# ABOUT THIS TASK:
Find the word "House" in the records below. List each line containing it.

◇ ◇ ◇ ◇ ◇

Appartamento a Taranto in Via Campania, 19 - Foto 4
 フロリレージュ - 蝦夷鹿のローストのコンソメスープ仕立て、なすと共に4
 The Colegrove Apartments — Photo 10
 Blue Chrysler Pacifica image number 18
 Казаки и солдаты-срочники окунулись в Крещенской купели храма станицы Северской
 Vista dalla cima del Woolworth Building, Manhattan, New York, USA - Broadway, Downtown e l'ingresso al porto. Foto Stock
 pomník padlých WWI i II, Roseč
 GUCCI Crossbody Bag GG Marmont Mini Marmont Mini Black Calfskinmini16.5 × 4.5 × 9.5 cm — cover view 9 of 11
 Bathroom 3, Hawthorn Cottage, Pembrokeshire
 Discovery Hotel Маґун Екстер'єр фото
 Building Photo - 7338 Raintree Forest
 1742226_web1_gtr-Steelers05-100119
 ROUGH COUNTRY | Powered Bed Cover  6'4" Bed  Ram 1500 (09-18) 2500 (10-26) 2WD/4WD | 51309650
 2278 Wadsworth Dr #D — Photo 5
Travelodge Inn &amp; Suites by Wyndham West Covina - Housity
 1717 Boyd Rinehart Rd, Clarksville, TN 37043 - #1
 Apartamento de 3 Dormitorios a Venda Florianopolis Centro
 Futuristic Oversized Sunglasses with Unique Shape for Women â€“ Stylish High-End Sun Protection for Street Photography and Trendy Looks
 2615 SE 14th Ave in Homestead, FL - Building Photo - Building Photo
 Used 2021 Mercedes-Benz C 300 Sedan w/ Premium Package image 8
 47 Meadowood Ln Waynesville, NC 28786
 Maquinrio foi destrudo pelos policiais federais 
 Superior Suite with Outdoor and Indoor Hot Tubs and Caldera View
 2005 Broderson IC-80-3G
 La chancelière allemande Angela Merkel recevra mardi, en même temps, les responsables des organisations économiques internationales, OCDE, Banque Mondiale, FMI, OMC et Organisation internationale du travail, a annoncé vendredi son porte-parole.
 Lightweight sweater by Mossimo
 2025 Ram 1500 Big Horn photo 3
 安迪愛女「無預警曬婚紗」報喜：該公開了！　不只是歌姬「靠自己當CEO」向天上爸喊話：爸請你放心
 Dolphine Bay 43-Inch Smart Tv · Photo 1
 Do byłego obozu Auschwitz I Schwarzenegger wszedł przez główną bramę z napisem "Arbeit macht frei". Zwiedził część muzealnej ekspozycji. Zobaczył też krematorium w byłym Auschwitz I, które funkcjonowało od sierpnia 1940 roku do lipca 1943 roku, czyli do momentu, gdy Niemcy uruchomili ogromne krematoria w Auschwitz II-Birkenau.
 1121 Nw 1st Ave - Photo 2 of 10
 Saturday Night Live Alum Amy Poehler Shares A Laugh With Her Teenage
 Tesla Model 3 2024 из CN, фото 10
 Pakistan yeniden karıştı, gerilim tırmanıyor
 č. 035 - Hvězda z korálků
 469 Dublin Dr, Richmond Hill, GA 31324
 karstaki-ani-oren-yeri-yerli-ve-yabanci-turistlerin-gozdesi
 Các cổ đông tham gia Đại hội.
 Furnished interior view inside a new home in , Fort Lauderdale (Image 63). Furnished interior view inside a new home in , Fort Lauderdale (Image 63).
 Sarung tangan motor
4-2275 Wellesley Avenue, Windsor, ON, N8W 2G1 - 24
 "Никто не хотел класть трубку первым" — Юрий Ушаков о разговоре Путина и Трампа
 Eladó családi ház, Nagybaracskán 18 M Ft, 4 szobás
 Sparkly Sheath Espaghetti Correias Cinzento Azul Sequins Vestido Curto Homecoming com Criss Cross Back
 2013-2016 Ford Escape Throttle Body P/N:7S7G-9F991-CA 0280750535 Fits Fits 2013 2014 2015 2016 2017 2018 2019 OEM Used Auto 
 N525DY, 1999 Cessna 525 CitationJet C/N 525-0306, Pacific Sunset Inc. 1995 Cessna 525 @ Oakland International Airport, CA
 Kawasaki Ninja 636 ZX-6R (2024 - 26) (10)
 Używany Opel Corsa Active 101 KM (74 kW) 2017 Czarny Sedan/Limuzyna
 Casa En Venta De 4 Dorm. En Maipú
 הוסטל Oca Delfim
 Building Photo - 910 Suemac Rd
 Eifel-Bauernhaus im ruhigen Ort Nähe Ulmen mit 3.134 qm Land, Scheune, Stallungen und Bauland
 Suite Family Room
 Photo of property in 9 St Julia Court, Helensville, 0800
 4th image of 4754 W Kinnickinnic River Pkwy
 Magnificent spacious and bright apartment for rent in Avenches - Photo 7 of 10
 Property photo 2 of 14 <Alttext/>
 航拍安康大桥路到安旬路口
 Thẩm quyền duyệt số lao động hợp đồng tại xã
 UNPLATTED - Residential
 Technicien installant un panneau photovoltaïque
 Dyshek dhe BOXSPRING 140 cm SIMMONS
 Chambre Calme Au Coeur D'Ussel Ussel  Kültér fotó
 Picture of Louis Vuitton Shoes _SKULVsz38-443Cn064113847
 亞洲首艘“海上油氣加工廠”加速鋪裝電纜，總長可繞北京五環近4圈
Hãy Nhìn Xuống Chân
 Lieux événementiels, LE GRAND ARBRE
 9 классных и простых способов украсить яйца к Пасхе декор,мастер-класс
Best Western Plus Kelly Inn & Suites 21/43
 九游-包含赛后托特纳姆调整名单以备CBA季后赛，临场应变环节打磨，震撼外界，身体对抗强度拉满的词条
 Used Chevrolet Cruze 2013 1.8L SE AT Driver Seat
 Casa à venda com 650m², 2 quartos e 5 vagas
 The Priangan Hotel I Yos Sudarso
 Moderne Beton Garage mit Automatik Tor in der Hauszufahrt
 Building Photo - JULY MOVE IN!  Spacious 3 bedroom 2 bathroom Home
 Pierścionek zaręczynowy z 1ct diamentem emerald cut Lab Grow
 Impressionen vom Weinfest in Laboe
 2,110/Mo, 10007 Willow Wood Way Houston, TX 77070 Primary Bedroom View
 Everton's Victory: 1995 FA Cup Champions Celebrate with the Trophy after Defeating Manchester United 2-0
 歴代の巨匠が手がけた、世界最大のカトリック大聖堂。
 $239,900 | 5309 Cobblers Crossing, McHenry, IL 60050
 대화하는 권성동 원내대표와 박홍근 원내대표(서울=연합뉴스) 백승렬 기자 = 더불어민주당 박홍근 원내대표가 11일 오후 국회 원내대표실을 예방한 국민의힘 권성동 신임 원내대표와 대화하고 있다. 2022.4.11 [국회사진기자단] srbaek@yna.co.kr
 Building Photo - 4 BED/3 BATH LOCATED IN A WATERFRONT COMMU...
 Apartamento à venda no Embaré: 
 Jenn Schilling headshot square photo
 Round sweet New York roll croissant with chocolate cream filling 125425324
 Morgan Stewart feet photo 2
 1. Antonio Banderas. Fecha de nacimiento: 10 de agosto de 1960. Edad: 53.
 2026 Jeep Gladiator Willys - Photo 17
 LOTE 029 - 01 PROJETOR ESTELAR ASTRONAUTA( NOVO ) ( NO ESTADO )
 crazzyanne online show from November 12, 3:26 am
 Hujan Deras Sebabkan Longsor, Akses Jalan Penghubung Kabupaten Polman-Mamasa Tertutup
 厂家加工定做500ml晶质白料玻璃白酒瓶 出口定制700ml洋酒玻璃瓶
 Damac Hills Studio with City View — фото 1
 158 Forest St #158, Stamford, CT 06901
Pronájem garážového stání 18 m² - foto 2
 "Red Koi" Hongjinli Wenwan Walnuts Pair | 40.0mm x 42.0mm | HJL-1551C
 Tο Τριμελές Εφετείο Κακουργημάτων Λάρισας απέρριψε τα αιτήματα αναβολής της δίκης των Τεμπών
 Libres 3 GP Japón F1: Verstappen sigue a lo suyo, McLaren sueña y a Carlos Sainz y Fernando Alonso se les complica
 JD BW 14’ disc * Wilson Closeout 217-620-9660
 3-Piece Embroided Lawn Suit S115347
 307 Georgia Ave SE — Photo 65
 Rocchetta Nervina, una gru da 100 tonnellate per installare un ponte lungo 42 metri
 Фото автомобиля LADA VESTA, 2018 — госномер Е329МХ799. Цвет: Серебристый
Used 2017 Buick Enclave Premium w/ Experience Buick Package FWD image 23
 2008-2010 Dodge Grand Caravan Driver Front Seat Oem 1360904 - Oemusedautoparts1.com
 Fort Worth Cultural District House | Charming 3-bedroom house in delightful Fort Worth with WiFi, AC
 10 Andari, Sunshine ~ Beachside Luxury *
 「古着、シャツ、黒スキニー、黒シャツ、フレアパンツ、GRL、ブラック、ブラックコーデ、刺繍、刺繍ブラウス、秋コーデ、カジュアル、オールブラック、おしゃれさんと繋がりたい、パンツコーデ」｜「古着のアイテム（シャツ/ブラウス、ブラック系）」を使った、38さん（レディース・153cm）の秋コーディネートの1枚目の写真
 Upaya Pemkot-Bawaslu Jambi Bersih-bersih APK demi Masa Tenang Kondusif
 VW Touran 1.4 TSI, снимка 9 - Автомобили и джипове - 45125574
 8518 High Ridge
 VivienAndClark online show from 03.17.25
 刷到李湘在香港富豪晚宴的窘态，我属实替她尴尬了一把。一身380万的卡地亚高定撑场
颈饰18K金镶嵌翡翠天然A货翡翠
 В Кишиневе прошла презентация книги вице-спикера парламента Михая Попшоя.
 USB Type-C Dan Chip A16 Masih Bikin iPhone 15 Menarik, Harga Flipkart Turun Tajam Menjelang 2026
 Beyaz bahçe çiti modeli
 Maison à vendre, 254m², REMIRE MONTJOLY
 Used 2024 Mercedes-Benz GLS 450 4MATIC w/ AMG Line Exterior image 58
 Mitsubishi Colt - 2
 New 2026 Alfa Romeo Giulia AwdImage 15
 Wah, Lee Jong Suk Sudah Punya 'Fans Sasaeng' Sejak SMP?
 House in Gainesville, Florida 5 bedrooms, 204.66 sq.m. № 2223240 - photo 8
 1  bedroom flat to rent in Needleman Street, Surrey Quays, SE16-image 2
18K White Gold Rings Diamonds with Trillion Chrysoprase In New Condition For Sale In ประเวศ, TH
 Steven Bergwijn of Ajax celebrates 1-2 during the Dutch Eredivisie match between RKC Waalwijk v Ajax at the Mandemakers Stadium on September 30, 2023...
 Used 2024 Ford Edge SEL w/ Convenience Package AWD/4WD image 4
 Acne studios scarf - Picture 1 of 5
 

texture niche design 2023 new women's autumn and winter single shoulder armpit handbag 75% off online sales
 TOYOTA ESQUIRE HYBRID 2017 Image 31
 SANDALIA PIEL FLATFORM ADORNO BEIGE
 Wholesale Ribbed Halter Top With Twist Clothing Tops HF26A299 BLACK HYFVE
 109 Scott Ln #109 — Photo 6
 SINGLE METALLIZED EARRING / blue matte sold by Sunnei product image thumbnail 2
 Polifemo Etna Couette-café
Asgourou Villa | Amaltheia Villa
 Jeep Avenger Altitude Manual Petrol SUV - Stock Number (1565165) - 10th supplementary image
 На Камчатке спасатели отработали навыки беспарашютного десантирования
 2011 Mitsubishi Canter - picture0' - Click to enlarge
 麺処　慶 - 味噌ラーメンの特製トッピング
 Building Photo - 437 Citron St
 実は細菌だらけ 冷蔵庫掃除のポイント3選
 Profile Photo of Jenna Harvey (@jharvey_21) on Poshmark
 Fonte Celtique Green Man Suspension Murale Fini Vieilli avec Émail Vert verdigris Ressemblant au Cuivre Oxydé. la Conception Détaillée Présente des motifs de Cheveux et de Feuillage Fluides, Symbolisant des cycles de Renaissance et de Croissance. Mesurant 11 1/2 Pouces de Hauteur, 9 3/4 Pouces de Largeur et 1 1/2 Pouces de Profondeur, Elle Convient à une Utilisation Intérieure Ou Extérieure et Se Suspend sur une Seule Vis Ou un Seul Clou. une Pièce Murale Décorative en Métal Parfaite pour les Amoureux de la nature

◇ ◇ ◇ ◇ ◇

# EXERCISE RESPONSE:
 Fort Worth Cultural District House | Charming 3-bedroom house in delightful Fort Worth with WiFi, AC
 House in Gainesville, Florida 5 bedrooms, 204.66 sq.m. № 2223240 - photo 8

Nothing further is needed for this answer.